### [Data items]
____
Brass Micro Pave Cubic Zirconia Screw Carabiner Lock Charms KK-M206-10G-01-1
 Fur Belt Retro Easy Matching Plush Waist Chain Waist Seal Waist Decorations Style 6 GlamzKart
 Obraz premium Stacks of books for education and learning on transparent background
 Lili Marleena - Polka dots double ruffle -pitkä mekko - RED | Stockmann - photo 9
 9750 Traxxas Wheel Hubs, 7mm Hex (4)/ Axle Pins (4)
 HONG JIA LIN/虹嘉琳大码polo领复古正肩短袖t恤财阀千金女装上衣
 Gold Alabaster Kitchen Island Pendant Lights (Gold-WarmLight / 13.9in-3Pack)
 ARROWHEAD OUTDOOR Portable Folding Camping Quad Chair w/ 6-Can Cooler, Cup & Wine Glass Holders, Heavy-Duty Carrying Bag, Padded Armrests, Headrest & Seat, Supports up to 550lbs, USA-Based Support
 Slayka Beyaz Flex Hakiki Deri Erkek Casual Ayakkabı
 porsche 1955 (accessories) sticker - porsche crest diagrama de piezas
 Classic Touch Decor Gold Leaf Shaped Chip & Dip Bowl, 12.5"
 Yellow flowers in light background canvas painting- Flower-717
____
### [EXERCISE AIM]
Restate the records from above exactly as they read.

### [ANSWER TO THIS PROBLEM]
Brass Micro Pave Cubic Zirconia Screw Carabiner Lock Charms KK-M206-10G-01-1
 Fur Belt Retro Easy Matching Plush Waist Chain Waist Seal Waist Decorations Style 6 GlamzKart
 Obraz premium Stacks of books for education and learning on transparent background
 Lili Marleena - Polka dots double ruffle -pitkä mekko - RED | Stockmann - photo 9
 9750 Traxxas Wheel Hubs, 7mm Hex (4)/ Axle Pins (4)
 HONG JIA LIN/虹嘉琳大码polo领复古正肩短袖t恤财阀千金女装上衣
 Gold Alabaster Kitchen Island Pendant Lights (Gold-WarmLight / 13.9in-3Pack)
 ARROWHEAD OUTDOOR Portable Folding Camping Quad Chair w/ 6-Can Cooler, Cup & Wine Glass Holders, Heavy-Duty Carrying Bag, Padded Armrests, Headrest & Seat, Supports up to 550lbs, USA-Based Support
 Slayka Beyaz Flex Hakiki Deri Erkek Casual Ayakkabı
 porsche 1955 (accessories) sticker - porsche crest diagrama de piezas
 Classic Touch Decor Gold Leaf Shaped Chip & Dip Bowl, 12.5"
 Yellow flowers in light background canvas painting- Flower-717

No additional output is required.